[TASK OBJECTIVE]
Please restate, word for word, the lines below that begin at the one with "Не моя донька. Право на спадкоємицю" and end at the one with "047话 集卵遇灾蛛139". Leave out all other lines.

[DATA EXCERPTS]
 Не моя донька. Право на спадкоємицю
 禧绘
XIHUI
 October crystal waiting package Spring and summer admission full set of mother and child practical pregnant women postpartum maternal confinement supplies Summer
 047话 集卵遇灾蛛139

* * *

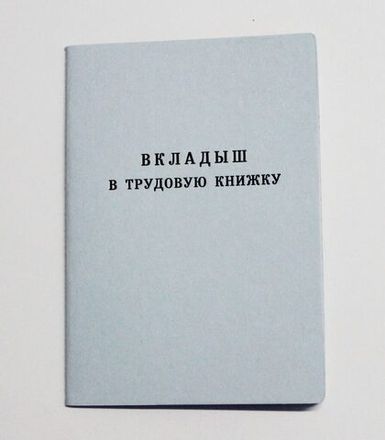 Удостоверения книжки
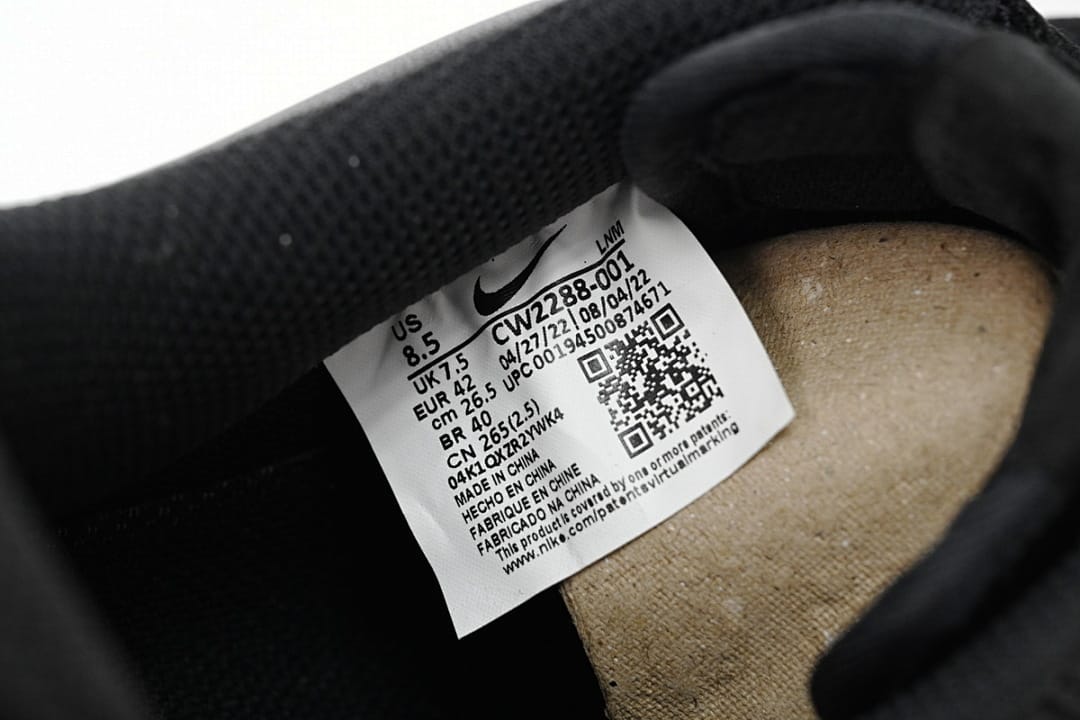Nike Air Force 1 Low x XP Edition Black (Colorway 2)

...

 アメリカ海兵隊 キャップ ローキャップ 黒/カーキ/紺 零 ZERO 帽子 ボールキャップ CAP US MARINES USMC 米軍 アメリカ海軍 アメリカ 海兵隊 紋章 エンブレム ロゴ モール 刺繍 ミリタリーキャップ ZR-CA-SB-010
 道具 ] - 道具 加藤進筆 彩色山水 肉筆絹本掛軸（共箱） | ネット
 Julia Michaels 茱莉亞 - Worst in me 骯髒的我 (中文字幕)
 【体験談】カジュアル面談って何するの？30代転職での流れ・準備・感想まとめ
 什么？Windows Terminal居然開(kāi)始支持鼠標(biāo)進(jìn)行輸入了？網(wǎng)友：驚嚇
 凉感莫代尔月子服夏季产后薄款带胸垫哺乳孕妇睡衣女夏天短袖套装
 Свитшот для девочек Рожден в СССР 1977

[WRITTEN RESPONSE]
 Не моя донька. Право на спадкоємицю
 禧绘
XIHUI
 October crystal waiting package Spring and summer admission full set of mother and child practical pregnant women postpartum maternal confinement supplies Summer
 047话 集卵遇灾蛛139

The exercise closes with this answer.